Last weekend I grabbed my backpack, ducked out of work early and caught a quick flight up to Jaipur in Northern India.  Jaipur is known as the Pink City (painted that way when some Brit visited in the 1850s), the capital of the state of Rajasthan (the Land of the Kings) and is an interesting mix of hinduism, muslim-ism, history, architecture and heat. Accompanying me this little sojourn was Katie, a Yale lawie out in Bangalore for a two month summer internship.

PICT0031 After an inauspicious Friday night (involving first wandering, then rickshawing around lost until 1am) we hit the ground running Saturday morning. And by that I mean we jumped on a cycle rickshaw to the old city, a partially walled section of Jaipur where almost all the buildings are painted pink. Walked around a bit, hung out with our first snake charmer then explored the city palace which is a fairly impressive complex of buildings set in the middle of the packed city. From there it was off to the Govind Devji temple which I believe is the first giant tented evangelical Hindu temple (most Hindu temples have room for like 7 people, this one probably sat 700 with tvs and speakers to broadcast the action) and the Hawa Mahel, an amazing palace created with tons of tiny windows so the muslim chicas could look check out the city without the city checking them out. After a much need shower, we headed to Katie's co-worker's friend's house for a nice, if somewhat awkward, meal. The best part is a tie between a crazy mother telling us how afraid she was of the witches in Salem, Massachusetts because "those people look like they know magic" and listening to Bob Dylan while driving home which was one of those odd yet thoroughly enjoyable moments in a different country.

City Palace Hawa Mahel

Sunday we organized a car to explore the surrounding sights but no sooner had we started than we ran smack dab into the middle of a giant hindu parade complete with a brass band, decked out elephants and about five hundred people in bright orange dancing to drummers and bringing water the Shiva temple. Pretty cool way to start the day, then we headed out to Amber and its humongous old fort. It was super impressive, surrounded by 25 miles of boundary walls (the great wall of India) and totally open on the inside so you could wander through everything including the ramparts, turkish baths and of course, the "pleasure palace". From Amber we checked out the 16th century Jaighur fort which houses the world's largest cannon and took six elephants to aim (accurately I'm sure) for the only time it was ever fired, though it did shoot over 20 miles. Following lunch we hiked up to the Temple of the Sun God, ran into some more singing Hindus, wondered if there are any calm, relaxing places in this country (I think this is why meditation started), dodged the requisite beggars, camel ride touts and dude selling sandalwood Ganeshes, shot some photos of a palace built in the middle of the lake and concluded our weekend of being super tourists.

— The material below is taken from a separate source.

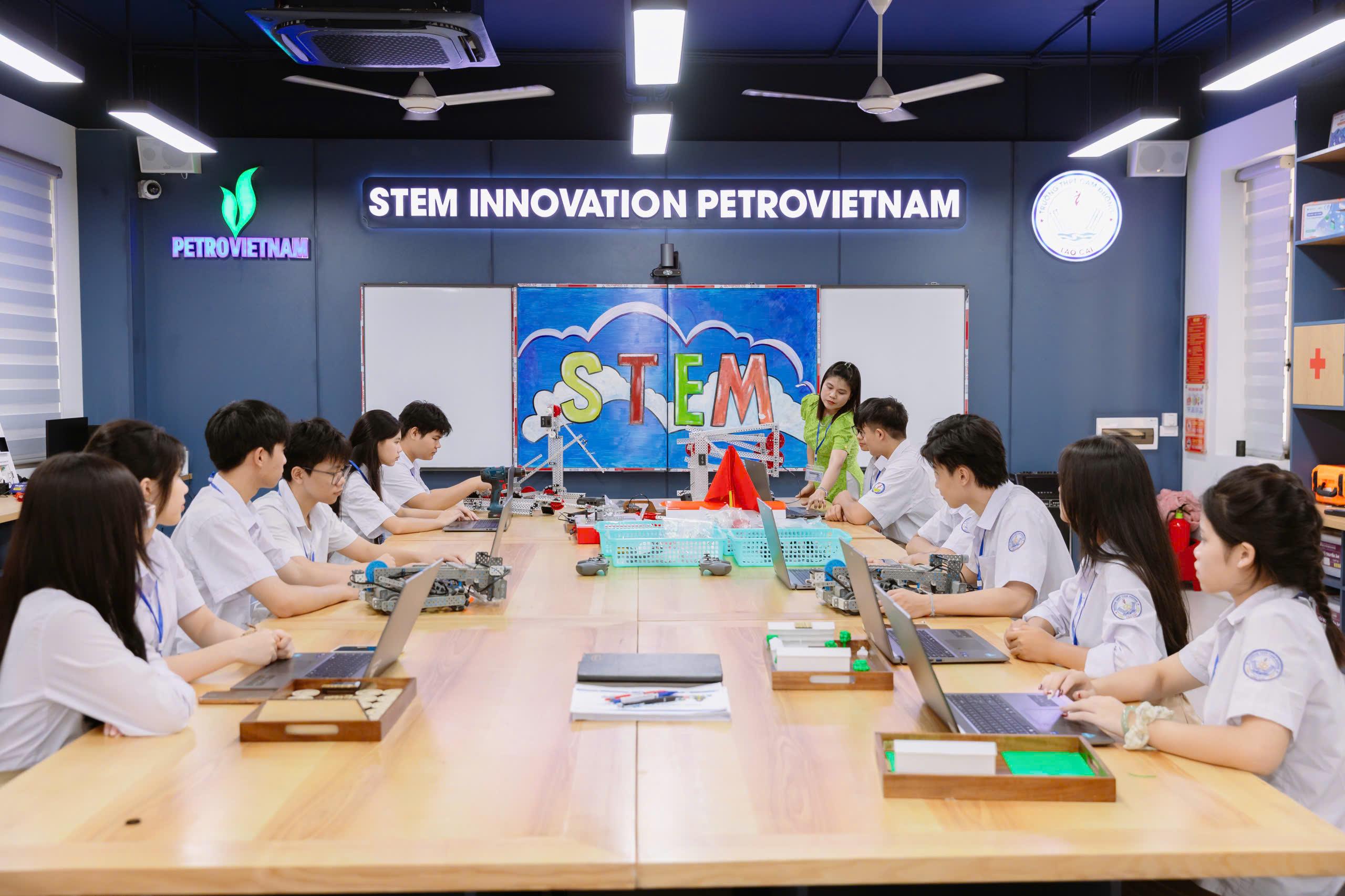 Không gian phòng Lab STEM tại trường THPT Cam Đường, Lào Cai được PETROVIETNAM đầu tư nhiều trang thiết bị hiện đại, đạt chuẩn quốc tế.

Or so we thought. After dinner we searched for a place to enjoy a Kingfisher and randomly wandered into the Hotel Sahn's pretty fantastic rooftop bar. It had a neat view over the old city and a giant outdoor TV playing a very Indian mix of wet t-shirt and pelvic thrusting music videos (though without any kissing - heaven forbid) followed by commercials for Unwanted-72, India's very own morning after the pill. Ultimately, we were the real highlight of the bar with Indian after Indian coming over to us, trying to literally put food in my mouth (wtf, mate?), hitting us with pickup lines ('I have a bet with my friend I can't talk to you'), talking about Woodrow Wilson and asking us random questions. By far the best was the dude who asked me what Steve meant, the best I could come up with (while keeping a straight face) was the King of Horses and then reassuringly told him that "a long time ago, back in England, the Steves used to have huge armies of horses". He accepted this, smiled and bobbed his head... India.

Amber Fort 
Great Wall of India
Jai Mahal

1 comment:

Anonymous said...

how did you know that's why we named you "Steve"?